Bahry is an Egyptian fish market and café, a few tables on a side street off the Arab enclave of Fifth Avenue in Bay Ridge. There are little statues of lobsters and line fish strewn around the room, and one wall is plastered with incongruous water imagery: seaside snaps of Alexandria, a panorama of Niagara Falls, and Flipper completing an exuberant dive. Your fish du jour (sorry, no dolphin) comes with a stack of warm pitas, a saucer of tahini, and a salad of lettuce and tomato that has sometimes been vinaigretted a little too long. There’s also a choice of rice or chips. If these were chips in the British sense, you’d probably pick the rice. Instead they turn out to be homemade potato chips, some cut thick and some thin, dusted with cumin and cayenne. The alternating snap and squish as you chew them provides a rhythm track to a satisfying meal.

One Saturday afternoon fish lovers jam the room as we invade with enough diners to try every variety. Croaker is my favorite, a modest-sized and flavorful specimen with a thin, crisp skin, but mullet—dark, sleek, and strongly flavored—also has its adherents. Pink porgy, flashing a set of short, ugly teeth, is pleasantly coarse-textured, while red snapper is rich and oily. Finally, there’s sea bass, mild-tasting and maybe the best deal because of its bulbous size. This afternoon the fish are deep fried with a light dusting of flour and spices—still delicious, but not as good as grilled.

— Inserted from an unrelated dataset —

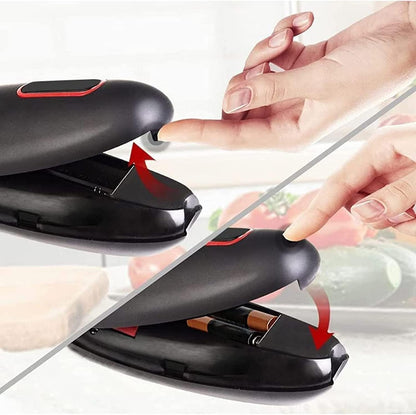 Automatic Can Opener - EasyOpener-Nora Luxe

Of course, if you order the whole-fish dinner, you’ll miss lots of other stuff. Fish and chips ($8) includes four flounder fillets and the same laudable chips, though the coating is thick and brittle. By contrast, fried calamari has virtually no breading at all; a heaping of sautéed onions, green chiles, and red bell peppers gives it a Creole air. You’ll be missing out if you don’t order a side of baba ganoush ($2). Though it has the expected smoky undertaste, it’s not the unassertive creamy sort that’s been blended with lots of tahini. Rather, a vinegar tang, lingering burn, and sprinkling of telltale seeds makes you suspect that the pickle juice from the chiles has been thrown into the blender along with the eggplant. Among the relentlessly aquatic choices—which included live crabs one recent evening—odd man out is the sausage sandwich. The pita is stuffed with slender links of a merguez cousin known in parts of the Middle East as mekanik. Expect it to taste strongly of beef and hot desert winds. Just don’t expect it to fix your car.